Should I Take Out a Loan for My Wedding?

Should you stick to a strict budget? Or borrow money to bring your wedding visions to life? 

Your guest list tops 200, you want the string quartet AND the aerialists at the cocktail hour, and those main course upgrades look impossible to resist. You’ve been waiting your whole life for your wedding day, and let’s be real – you want it to be epic!

But if your champagne dreams are paired with a beer and wine budget (and you’re not getting much financial help from family), you may have to consider doing things a little differently. Paying for just the wedding day basics – venue, photographer, DJ – can wrack up a hefty bill. Once you’ve gotten knee-deep in vendor contracts and payment plans, you may start to wonder – “should I take out a loan for my wedding?”

Taking out a loan

If your wedding piggy bank is feeling pretty light, taking out a personal loan could pad your funds enough to book those vendors you’ve been eyeing. But what does taking out a personal loan entail?
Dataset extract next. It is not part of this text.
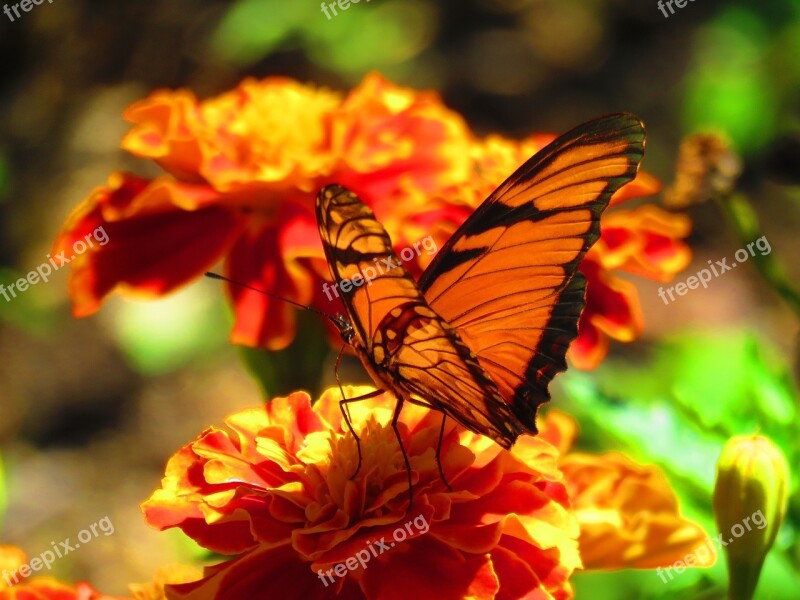 Butterfly Nature Monarch Garden Free Photos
There are a few factors to consider when researching personal loans – the loan’s term (or length), borrowing minimums and limits, and interest rates or other fees. Most financial institutions (like banks, credit unions, or online lenders) will offer personal loans, with many extending special promotions to current account holders.  

You’ll also want to consider aspects like your credit score, current and projected monthly expenses, and your income – if you decide to take out a personal loan, you’ll want to make sure you can pay it back on time. 
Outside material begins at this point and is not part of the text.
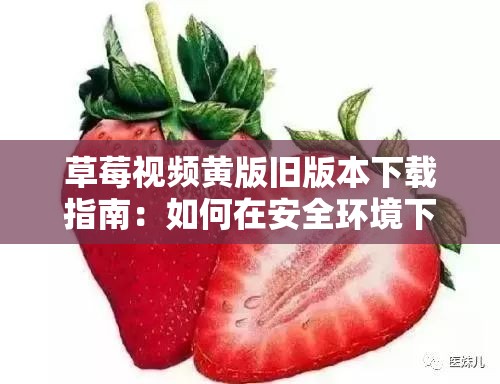 草莓视频黄版旧版本下载指南：如何在安全环境下获取并安装旧版应用？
Advantages of taking out a loan for your wedding

With the money secured from a personal loan, you’ll have the funds needed for the wedding you’ve always wanted!

But besides the obvious, most personal loans have fixed repayment terms which will allow you to make payments over a set amount of time, sometimes as long as several years – the kind of payment plan that many wedding vendors don’t offer.  You’ll also have lots of options when choosing your specific lender, so you can secure a personal loan with the best interest rate (which can often be lower than credit card interest rates, depending on your credit score).  Speaking of your credit score – making personal loan repayments consistently and on-time can help boost that number. 

Disadvantages of taking out a loan for your wedding

The biggest disadvantage to taking out a personal loan is that because of the interest, you’ll actually be paying MORE for your wedding day expenses.  For example – if you take out a $10,000 loan for a term of 2 years with a 7% interest rate, you’ll end up paying back around $10,745.

You’ll also be tacking on another monthly payment in addition to your rent or mortgage, utilities, car payment, and other financial responsibilities. In the same $10,000 loan scenario from above, you’d be making payments of approximately $450 a month – money that could instead be used for things like home-buying funds or other major life purchases. Using a loan calculator like this one can help you estimate your monthly loan repayment amounts. 

Should you take out a loan for your wedding?

The answer to this question will be different for everyone, depending on individual circumstances. But one financial expert we spoke to cautioned against it.

“I wouldn’t recommend a loan for a wedding,” said Caleb Diolosa, a financial advisor with Equitable. “I feel like it’s a huge liability. It hinders young couples from saving more, building assets, being able to afford homes, and even more so now with how high the interest rates are.”
Whether you choose to take out a loan or not, make sure you research options and calculate your expenses and income before making any decisions!